Keeping it real, it takes the time that it takes! Working with your horse
It is easy to get sidetracked on the opinion of others and their expectations and their goals or agendas. Especially today, with social media where everyone shows you what they would like you to see. The perfect picture. Often this is not the whole story, just the highlights or final result. Not the long road it took with all the detours to get there or the back steps and regrouping.
We all travel our own journey, and every horse and rider is unique. Some horses or riders pick up the process very quickly with excellent body awareness – others well – let’s say I have meet horses that are not so sure where their legs are. These horses are often spooky and worried once. So it is difficult to place a time frame on an outcome.
But I found all of these horses improve with considered and consistent work.
Here the fun begins it is like when you are pregnant, and everyone touches your belly, all the stories and advice. Quick remedies and short cuts comparisons you name it.

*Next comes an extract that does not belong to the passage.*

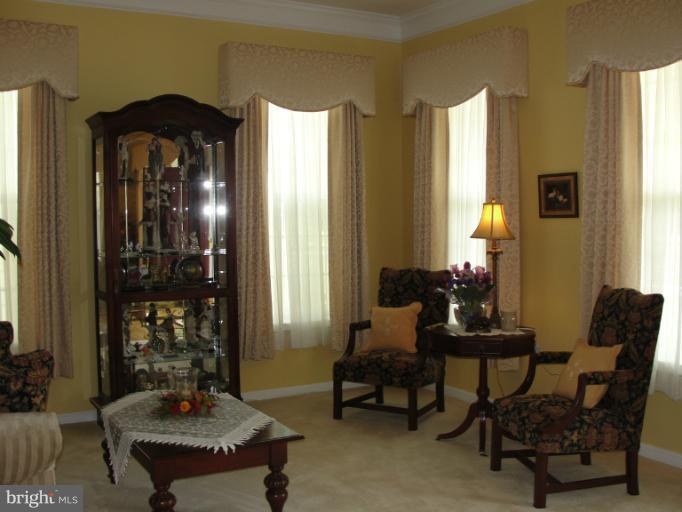 3920 Addison Woods Road Frederick, MD 21704 - Photo 3 of 30 Living Room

Some people like to make you feel small and themselves big, they like placing their insecurities on you.
I am giving these horses the time to feel where there feet and balance is small nuances, lots of transitions up and down in the right rhythm and tempo, so they have time to bend all the joints and place their feet. Not to rush through and lean through corners and circles. Keeping the horse’s mind is engaged. Nothing is worse for a horse than to go mindlessly around the outside oft he arena in the same gait, imagining watching the same movie all over again whenever you see a particular friend.
They start feeling better in their body and looking forward to the session if you are creative. Lateral works are your best friend.
I thought the more lessons I had the better I would get. It doesn’t work like that. It takes the time it takes. Even haven a professional ride your horse, tremendous, but at the end of the day it is your horse, and the sweat tears and constant work comes from you.
Figuring it out one step at the time as frustrating at it is, it is also very rewarding.
You are focusing on mainly on using your body positioning. It is pretty ugly at the start, but so worthwhile. By the end, your horse could trot figure of eights, forward, rhythmic, zero loss of balance. Correct bend, simply from you changing the bend in your body and staying centred in alignment, occasionally adding appropriate leg aids and small corrections with the rein aids.
You are practising until you feel it. A steady rhythm, the speed appropriate for the horses, balance quicker hind legs and a softback doesn’t mean faster.
Let go of any expectation or judgment and just kept practising until you feel it. It is magic. It will become so easy, so effortless, and then you wonder why you couldn’t I do this month ago. Yet one piece of the puzzle was missing, whatever that peace was it needed readjusting fine finetuning. And maybe tomorrow you won’t be able to “get the same feel or coordinating, and that will be ok too. It is like misplacing your car keys keep looking they are there.
At the end of the day. It is how you and your horse feel about, as a result of training or work you have done together.
A huge part of riding is feeling the little shifts and nuances.
Sometimes when we try too hard, it works against us. We want it to happen now. We miss the highlights and strength of better coordination.
Often it is also the trust in a horse; finally, someone speaks their language and nurtures that we created that is carefully growing one bit at the time.